316 / 2023-05-04 10:43:17

Research on the phase evolution of debris clouds-陈小伟

高压物理与材料科学 > 动高压-I

The formation process of debris clouds is accompanied by material liquefaction and gasification. The material phase transition reduces its penetrability. It is difficult to observe and record the phase transition process with experimental methods. Therefore, numerical methods are usually used to study the phase transition of debris clouds. The FE-SPH algorithm is used in LS-DYNA, combined with the self-written phase partition program to explore the phase evolution law of the debris clouds. The phase partition of materials is divided into solid phase, thermal melting phase, liquid phase, thermal liquid phase and gas phase.
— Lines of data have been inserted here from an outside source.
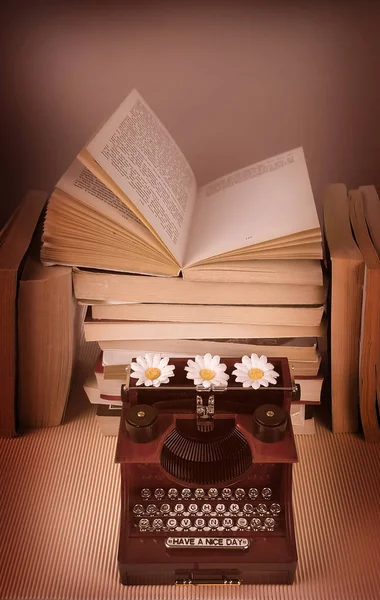 Vintage typewriter with books on table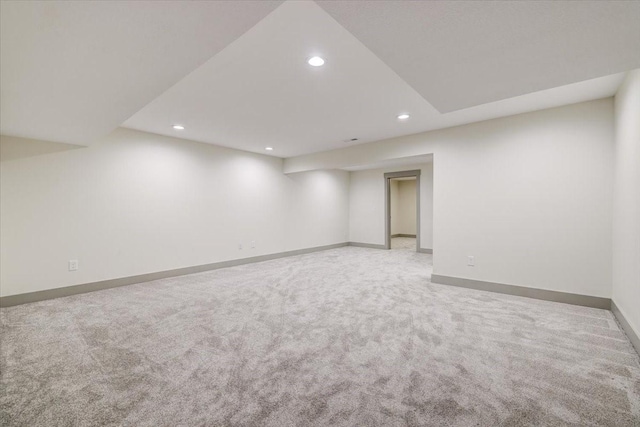 empty room featuring baseboards, light colored carpet, and recessed lighting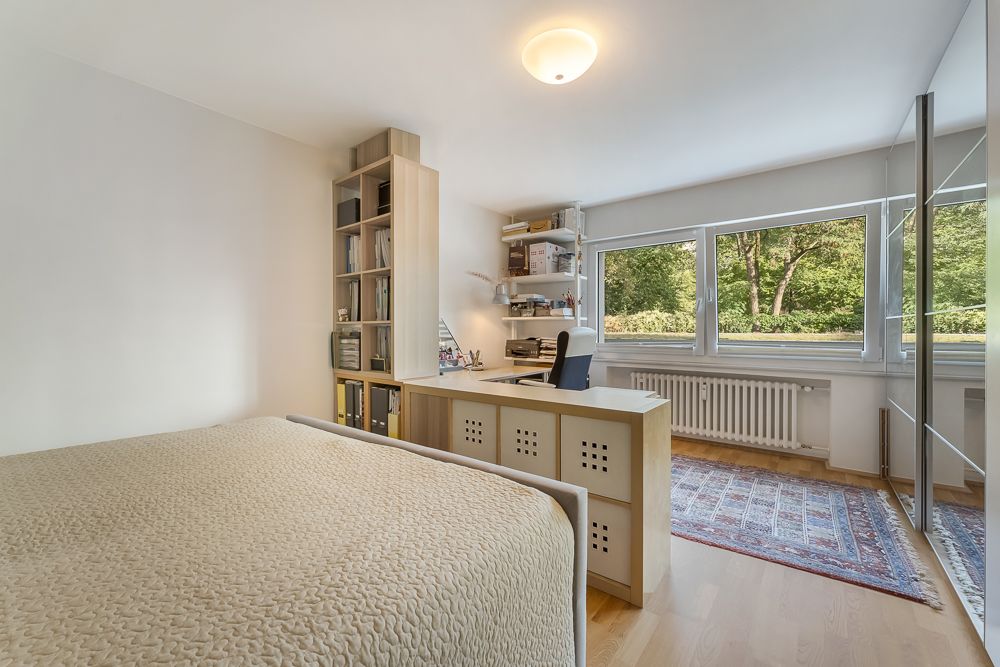 Helles Schlafzimmer mit Schreibtisch, Regal, Teppich und großen Fenstern mit Blick ins Grüne.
The temperature failure criterion is added to the calculation, combined with the Johnson-Cook failure criterion and the maximum tensile stress failure criterion. When the material meets one of the failure criterion, the Lagrangian unit is converted into SPH particles to participate in the subsequent calculation. The temperature fields of different failure criterion at 8km/s are shown in Figure 1. Lagrangian units are used to represent the solid phase, and SPH particles are used to represent the other phases. Combined with the AL pressure-temperature phase diagram, the applicable ranges of the temperature method, the pressure method and the combined criterion method are compared; the phase distribution results show that the phase results obtained by the temperature method and the combined criterion method are relatively close, and the pressure method is not applicable at relatively low impact velocities(such as 5 km/s). The phase evolution law of Al under different impact velocities is summarized, which provides a reference for the research on the phase of hypervelocity impact. Figure 2 shows the maximum temperature field and phase field of the Lagrangian/SPH particles at different impact velocities for the projectile target model with a thickness-to-diameter ratio of t/d=0.3.